— Rabbi Joseph Sternstein, president of the American Zionist Federation, says he was assured by President Anwar Sadat in Cairo last week that the Egyptian leader’s “primary concern” is “completion of the Camp David process” and “to eliminate the threat of war in the Middle East.”
Rabbi Sternstein told the Jewish Telegraphic Agency today that Sadat gave him those assurances in the course of a 90-minute private meeting at the Presidential Palace last Thursday. Sternstein, who visited Cairo after attending a meeting of the World Zionist Organization Executive in Jerusalem, said he believed the meeting was the first Sadat ever had with an American Zionist leader as such.
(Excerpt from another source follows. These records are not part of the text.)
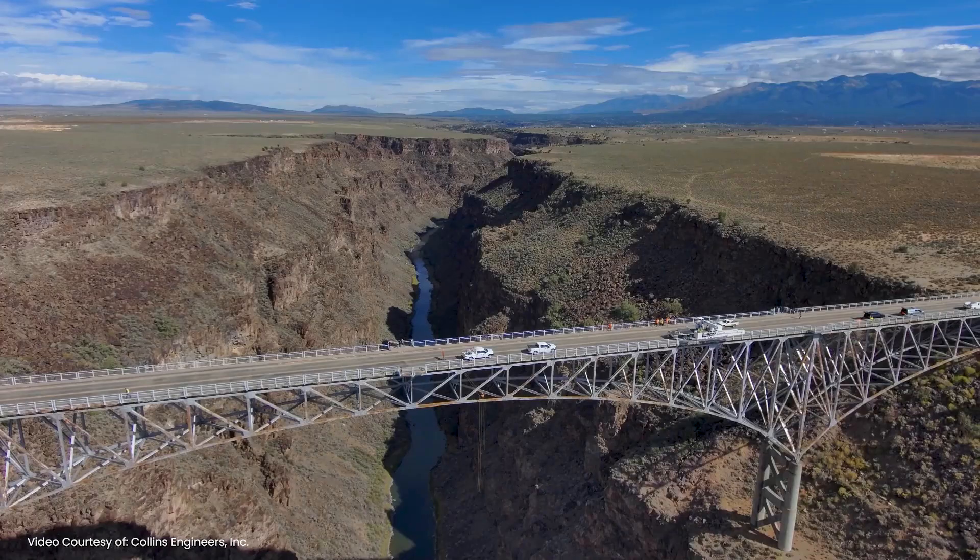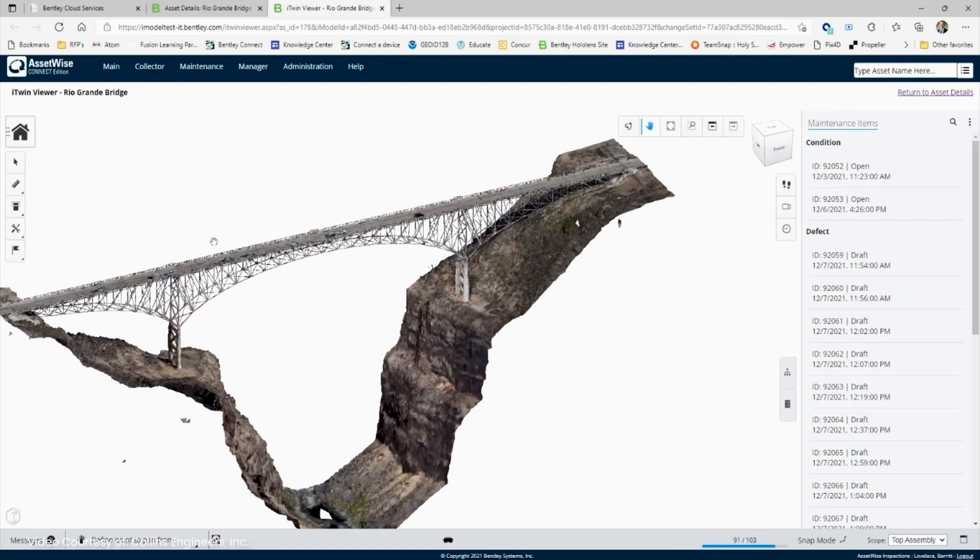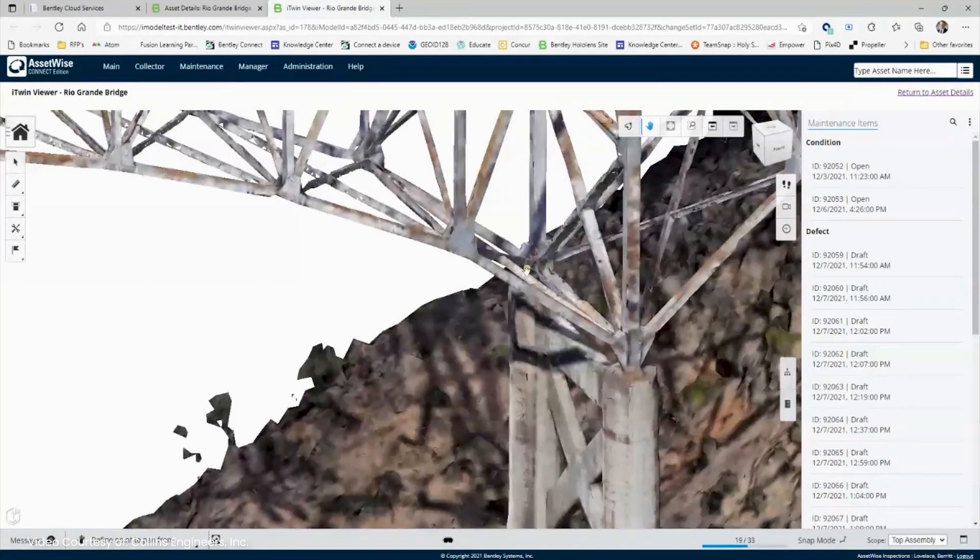Combining the IoT and sensor data with a digital twin gives us the ability to make that data readily available to everybody in context. So we're using that data to make decisions on what we're going to do with our bridges.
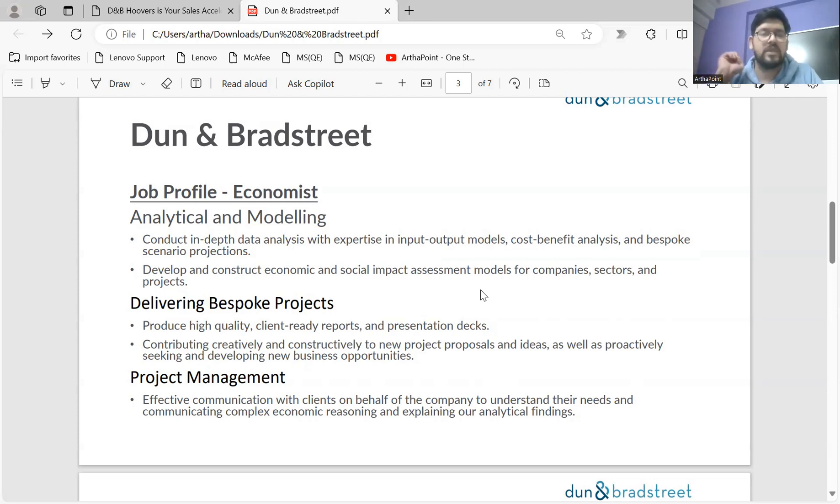The role involves expertise in input-output models, cost-benefit analysis, and scenario projections. Developing and constructing economic and social impact assessment models for companies, sectors, and projects will be your core job. You will be assigned to different projects under the supervision of your seniors, and you'll also need to produce high-quality, client-ready reports.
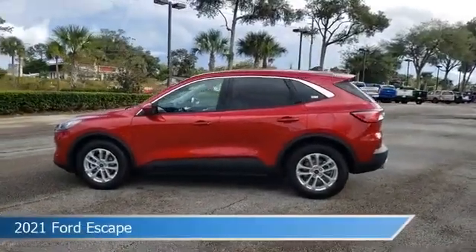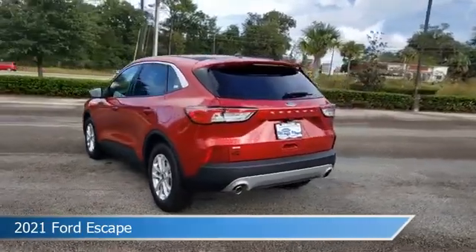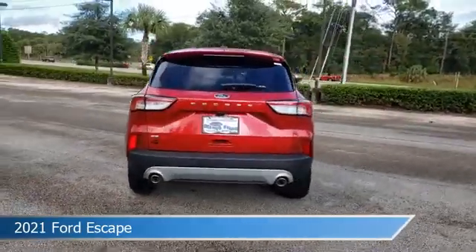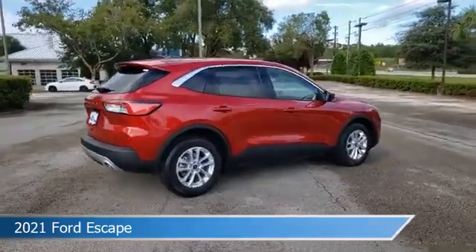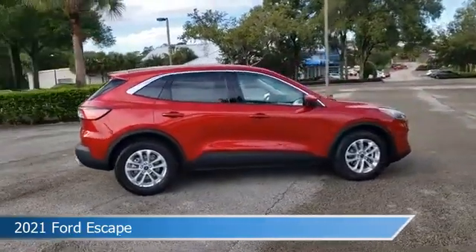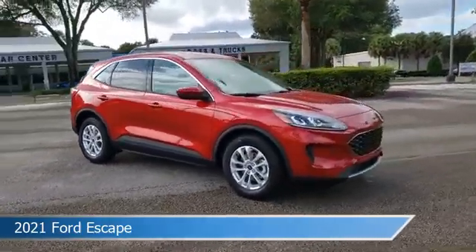Take a look at this 2021 Ford Escape. Equipped with an automatic transmission in rapid red metallic tinted clear coat, this car comes with some great features including Android Auto, child safety locks, anti-lock brakes, Apple CarPlay and more. Come in and check it out today.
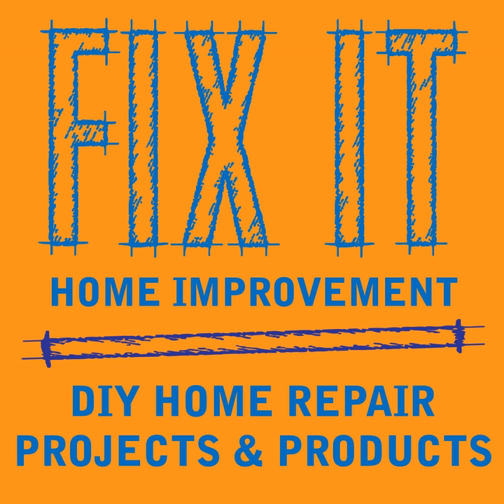Welcome to Fix-It Home Improvement, covering projects that every homeowner should know and great products for home and garden. I'm JC and this is where we share weekly home improvement tips. I'm here with my co-host Cindy. Hello JC. Hi Cindy.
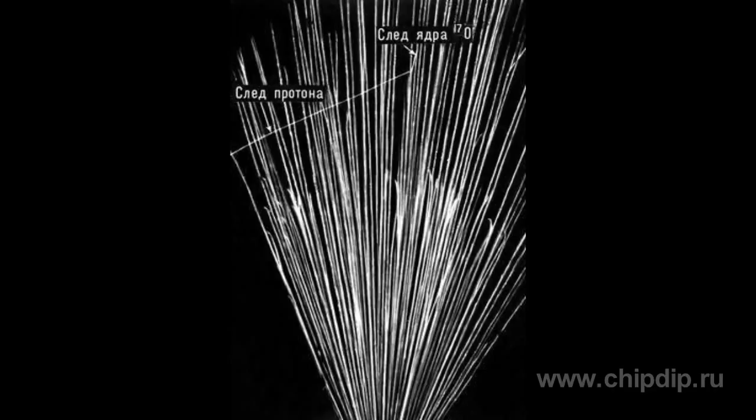Water vapors mostly condense on negative ions, while ethyl alcohol vapors condense on the negative ones.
“I put to him two major concerns,” Sternstein said. “First, our feeling that the encouragement of the European initiative would in the long run serve only to bring the Russians into the picture. To this he assured me that he would make every effort to keep Russia out of involvement in a Middle East solution,” Sternstein said.
“Second, I put to him our puzzlement as to his proposal for a Palestinian government-in-exile. To this, he said that this will come ‘down the road.’ It is not his primary target which is completion of the Camp David process. In addition, he stressed that he was interested in including responsible Palestinian Arab leaders in order to avoid irresponsible acts of violence.” Sadat did not say who he had in mind, however, Sternstein said.
He noted that the meeting coincided almost to the day with the first anniversary of the presentation of credentials by the Israeli Ambassador to Egypt, Eliahu Ben-Elissar. Sadat “made the point that he feels one of his greatest accomplishments is the mutual determination (of Egypt and Israel) to eliminate the threat of war in the Middle East,” Sternstein said. “To that end he said he is ‘consecrated and dedicated’ and he repeated the phrase, ‘under no conditions will we go to war ever again.'”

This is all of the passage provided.